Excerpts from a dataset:
▬▬▬

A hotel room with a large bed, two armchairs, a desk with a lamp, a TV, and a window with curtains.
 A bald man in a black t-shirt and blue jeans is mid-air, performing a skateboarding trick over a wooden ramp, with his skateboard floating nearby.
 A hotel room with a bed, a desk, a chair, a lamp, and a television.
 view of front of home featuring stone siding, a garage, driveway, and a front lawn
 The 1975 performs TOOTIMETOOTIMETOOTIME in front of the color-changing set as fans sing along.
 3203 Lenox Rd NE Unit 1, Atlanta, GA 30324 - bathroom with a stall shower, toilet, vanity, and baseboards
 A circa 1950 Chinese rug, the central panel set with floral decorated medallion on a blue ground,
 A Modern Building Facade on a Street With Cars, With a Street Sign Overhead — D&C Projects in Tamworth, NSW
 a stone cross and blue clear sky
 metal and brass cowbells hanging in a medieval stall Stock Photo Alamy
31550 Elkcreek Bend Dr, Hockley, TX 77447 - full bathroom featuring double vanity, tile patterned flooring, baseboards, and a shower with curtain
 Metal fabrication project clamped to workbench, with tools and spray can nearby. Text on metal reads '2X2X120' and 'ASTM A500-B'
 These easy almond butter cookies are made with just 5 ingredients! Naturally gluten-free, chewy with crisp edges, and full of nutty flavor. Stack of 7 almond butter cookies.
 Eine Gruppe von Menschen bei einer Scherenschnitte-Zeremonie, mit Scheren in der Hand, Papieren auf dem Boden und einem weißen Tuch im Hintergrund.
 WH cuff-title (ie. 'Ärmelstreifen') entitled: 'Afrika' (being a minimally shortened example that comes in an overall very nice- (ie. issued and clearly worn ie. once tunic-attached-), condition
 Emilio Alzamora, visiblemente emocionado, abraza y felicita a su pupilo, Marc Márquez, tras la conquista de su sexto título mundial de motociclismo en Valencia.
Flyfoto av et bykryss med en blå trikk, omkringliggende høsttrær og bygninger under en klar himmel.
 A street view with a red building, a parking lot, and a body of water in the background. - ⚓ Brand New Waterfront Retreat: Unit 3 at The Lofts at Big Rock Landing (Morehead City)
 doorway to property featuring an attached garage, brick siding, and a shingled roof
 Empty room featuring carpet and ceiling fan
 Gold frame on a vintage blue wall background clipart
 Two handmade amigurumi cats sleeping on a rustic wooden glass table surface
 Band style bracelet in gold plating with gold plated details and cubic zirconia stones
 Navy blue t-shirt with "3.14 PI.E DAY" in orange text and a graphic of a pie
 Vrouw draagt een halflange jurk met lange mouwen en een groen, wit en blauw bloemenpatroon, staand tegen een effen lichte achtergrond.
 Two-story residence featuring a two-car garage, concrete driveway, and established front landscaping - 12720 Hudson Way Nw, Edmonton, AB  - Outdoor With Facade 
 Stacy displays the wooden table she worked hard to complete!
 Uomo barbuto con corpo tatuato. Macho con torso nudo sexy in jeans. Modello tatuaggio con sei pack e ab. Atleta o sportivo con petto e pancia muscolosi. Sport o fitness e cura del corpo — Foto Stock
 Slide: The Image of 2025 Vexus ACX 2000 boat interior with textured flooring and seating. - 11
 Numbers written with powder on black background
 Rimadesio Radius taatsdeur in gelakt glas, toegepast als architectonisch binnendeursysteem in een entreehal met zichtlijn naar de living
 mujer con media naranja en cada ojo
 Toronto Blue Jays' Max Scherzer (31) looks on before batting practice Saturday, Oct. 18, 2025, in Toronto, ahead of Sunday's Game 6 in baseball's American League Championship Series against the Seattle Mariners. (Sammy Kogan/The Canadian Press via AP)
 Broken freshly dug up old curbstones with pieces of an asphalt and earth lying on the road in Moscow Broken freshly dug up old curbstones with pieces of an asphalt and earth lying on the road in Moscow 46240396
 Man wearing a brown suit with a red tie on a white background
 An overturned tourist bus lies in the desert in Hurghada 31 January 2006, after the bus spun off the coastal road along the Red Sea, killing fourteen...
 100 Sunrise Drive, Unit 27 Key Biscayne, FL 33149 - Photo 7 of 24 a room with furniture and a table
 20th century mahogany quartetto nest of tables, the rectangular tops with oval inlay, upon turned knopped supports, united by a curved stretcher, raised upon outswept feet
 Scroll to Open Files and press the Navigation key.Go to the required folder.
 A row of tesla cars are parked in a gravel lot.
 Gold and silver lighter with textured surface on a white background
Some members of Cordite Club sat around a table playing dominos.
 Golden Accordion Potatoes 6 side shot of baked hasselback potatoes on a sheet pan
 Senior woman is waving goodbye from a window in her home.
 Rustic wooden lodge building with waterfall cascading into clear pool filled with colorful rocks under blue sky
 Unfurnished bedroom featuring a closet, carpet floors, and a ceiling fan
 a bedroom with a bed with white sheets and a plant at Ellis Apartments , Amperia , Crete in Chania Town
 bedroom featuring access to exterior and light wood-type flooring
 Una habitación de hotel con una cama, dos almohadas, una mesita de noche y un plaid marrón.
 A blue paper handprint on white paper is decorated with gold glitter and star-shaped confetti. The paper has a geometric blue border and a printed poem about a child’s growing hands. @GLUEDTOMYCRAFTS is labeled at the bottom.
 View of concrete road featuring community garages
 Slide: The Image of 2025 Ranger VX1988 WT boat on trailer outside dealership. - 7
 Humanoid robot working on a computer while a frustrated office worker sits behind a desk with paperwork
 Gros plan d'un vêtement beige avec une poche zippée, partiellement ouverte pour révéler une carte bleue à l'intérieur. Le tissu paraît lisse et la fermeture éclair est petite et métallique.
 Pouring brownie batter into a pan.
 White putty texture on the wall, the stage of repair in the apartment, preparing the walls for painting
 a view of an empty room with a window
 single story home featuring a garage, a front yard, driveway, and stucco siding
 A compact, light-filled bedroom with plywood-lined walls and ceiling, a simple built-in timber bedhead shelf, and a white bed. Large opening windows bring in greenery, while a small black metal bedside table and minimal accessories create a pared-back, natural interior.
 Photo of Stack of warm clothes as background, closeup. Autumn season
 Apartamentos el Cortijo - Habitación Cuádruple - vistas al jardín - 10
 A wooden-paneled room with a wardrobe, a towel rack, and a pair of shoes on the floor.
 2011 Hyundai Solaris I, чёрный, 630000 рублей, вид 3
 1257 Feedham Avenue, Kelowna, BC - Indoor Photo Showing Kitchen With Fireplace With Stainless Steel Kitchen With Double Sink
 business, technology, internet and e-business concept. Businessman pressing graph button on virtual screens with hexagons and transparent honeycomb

▬▬▬

PROBLEM TO SOLVE: Repeat all the lines above, keeping them exactly as they are.

WRITTEN REPLY:
A hotel room with a large bed, two armchairs, a desk with a lamp, a TV, and a window with curtains.
 A bald man in a black t-shirt and blue jeans is mid-air, performing a skateboarding trick over a wooden ramp, with his skateboard floating nearby.
 A hotel room with a bed, a desk, a chair, a lamp, and a television.
 view of front of home featuring stone siding, a garage, driveway, and a front lawn
 The 1975 performs TOOTIMETOOTIMETOOTIME in front of the color-changing set as fans sing along.
 3203 Lenox Rd NE Unit 1, Atlanta, GA 30324 - bathroom with a stall shower, toilet, vanity, and baseboards
 A circa 1950 Chinese rug, the central panel set with floral decorated medallion on a blue ground,
 A Modern Building Facade on a Street With Cars, With a Street Sign Overhead — D&C Projects in Tamworth, NSW
 a stone cross and blue clear sky
 metal and brass cowbells hanging in a medieval stall Stock Photo Alamy
31550 Elkcreek Bend Dr, Hockley, TX 77447 - full bathroom featuring double vanity, tile patterned flooring, baseboards, and a shower with curtain
 Metal fabrication project clamped to workbench, with tools and spray can nearby. Text on metal reads '2X2X120' and 'ASTM A500-B'
 These easy almond butter cookies are made with just 5 ingredients! Naturally gluten-free, chewy with crisp edges, and full of nutty flavor. Stack of 7 almond butter cookies.
 Eine Gruppe von Menschen bei einer Scherenschnitte-Zeremonie, mit Scheren in der Hand, Papieren auf dem Boden und einem weißen Tuch im Hintergrund.
 WH cuff-title (ie. 'Ärmelstreifen') entitled: 'Afrika' (being a minimally shortened example that comes in an overall very nice- (ie. issued and clearly worn ie. once tunic-attached-), condition
 Emilio Alzamora, visiblemente emocionado, abraza y felicita a su pupilo, Marc Márquez, tras la conquista de su sexto título mundial de motociclismo en Valencia.
Flyfoto av et bykryss med en blå trikk, omkringliggende høsttrær og bygninger under en klar himmel.
 A street view with a red building, a parking lot, and a body of water in the background. - ⚓ Brand New Waterfront Retreat: Unit 3 at The Lofts at Big Rock Landing (Morehead City)
 doorway to property featuring an attached garage, brick siding, and a shingled roof
 Empty room featuring carpet and ceiling fan
 Gold frame on a vintage blue wall background clipart
 Two handmade amigurumi cats sleeping on a rustic wooden glass table surface
 Band style bracelet in gold plating with gold plated details and cubic zirconia stones
 Navy blue t-shirt with "3.14 PI.E DAY" in orange text and a graphic of a pie
 Vrouw draagt een halflange jurk met lange mouwen en een groen, wit en blauw bloemenpatroon, staand tegen een effen lichte achtergrond.
 Two-story residence featuring a two-car garage, concrete driveway, and established front landscaping - 12720 Hudson Way Nw, Edmonton, AB  - Outdoor With Facade 
 Stacy displays the wooden table she worked hard to complete!
 Uomo barbuto con corpo tatuato. Macho con torso nudo sexy in jeans. Modello tatuaggio con sei pack e ab. Atleta o sportivo con petto e pancia muscolosi. Sport o fitness e cura del corpo — Foto Stock
 Slide: The Image of 2025 Vexus ACX 2000 boat interior with textured flooring and seating. - 11
 Numbers written with powder on black background
 Rimadesio Radius taatsdeur in gelakt glas, toegepast als architectonisch binnendeursysteem in een entreehal met zichtlijn naar de living
 mujer con media naranja en cada ojo
 Toronto Blue Jays' Max Scherzer (31) looks on before batting practice Saturday, Oct. 18, 2025, in Toronto, ahead of Sunday's Game 6 in baseball's American League Championship Series against the Seattle Mariners. (Sammy Kogan/The Canadian Press via AP)
 Broken freshly dug up old curbstones with pieces of an asphalt and earth lying on the road in Moscow Broken freshly dug up old curbstones with pieces of an asphalt and earth lying on the road in Moscow 46240396
 Man wearing a brown suit with a red tie on a white background
 An overturned tourist bus lies in the desert in Hurghada 31 January 2006, after the bus spun off the coastal road along the Red Sea, killing fourteen...
 100 Sunrise Drive, Unit 27 Key Biscayne, FL 33149 - Photo 7 of 24 a room with furniture and a table
 20th century mahogany quartetto nest of tables, the rectangular tops with oval inlay, upon turned knopped supports, united by a curved stretcher, raised upon outswept feet
 Scroll to Open Files and press the Navigation key.Go to the required folder.
 A row of tesla cars are parked in a gravel lot.
 Gold and silver lighter with textured surface on a white background
Some members of Cordite Club sat around a table playing dominos.
 Golden Accordion Potatoes 6 side shot of baked hasselback potatoes on a sheet pan
 Senior woman is waving goodbye from a window in her home.
 Rustic wooden lodge building with waterfall cascading into clear pool filled with colorful rocks under blue sky
 Unfurnished bedroom featuring a closet, carpet floors, and a ceiling fan
 a bedroom with a bed with white sheets and a plant at Ellis Apartments , Amperia , Crete in Chania Town
 bedroom featuring access to exterior and light wood-type flooring
 Una habitación de hotel con una cama, dos almohadas, una mesita de noche y un plaid marrón.
 A blue paper handprint on white paper is decorated with gold glitter and star-shaped confetti. The paper has a geometric blue border and a printed poem about a child’s growing hands. @GLUEDTOMYCRAFTS is labeled at the bottom.
 View of concrete road featuring community garages
 Slide: The Image of 2025 Ranger VX1988 WT boat on trailer outside dealership. - 7
 Humanoid robot working on a computer while a frustrated office worker sits behind a desk with paperwork
 Gros plan d'un vêtement beige avec une poche zippée, partiellement ouverte pour révéler une carte bleue à l'intérieur. Le tissu paraît lisse et la fermeture éclair est petite et métallique.
 Pouring brownie batter into a pan.
 White putty texture on the wall, the stage of repair in the apartment, preparing the walls for painting
 a view of an empty room with a window
 single story home featuring a garage, a front yard, driveway, and stucco siding
 A compact, light-filled bedroom with plywood-lined walls and ceiling, a simple built-in timber bedhead shelf, and a white bed. Large opening windows bring in greenery, while a small black metal bedside table and minimal accessories create a pared-back, natural interior.
 Photo of Stack of warm clothes as background, closeup. Autumn season
 Apartamentos el Cortijo - Habitación Cuádruple - vistas al jardín - 10
 A wooden-paneled room with a wardrobe, a towel rack, and a pair of shoes on the floor.
 2011 Hyundai Solaris I, чёрный, 630000 рублей, вид 3
 1257 Feedham Avenue, Kelowna, BC - Indoor Photo Showing Kitchen With Fireplace With Stainless Steel Kitchen With Double Sink
 business, technology, internet and e-business concept. Businessman pressing graph button on virtual screens with hexagons and transparent honeycomb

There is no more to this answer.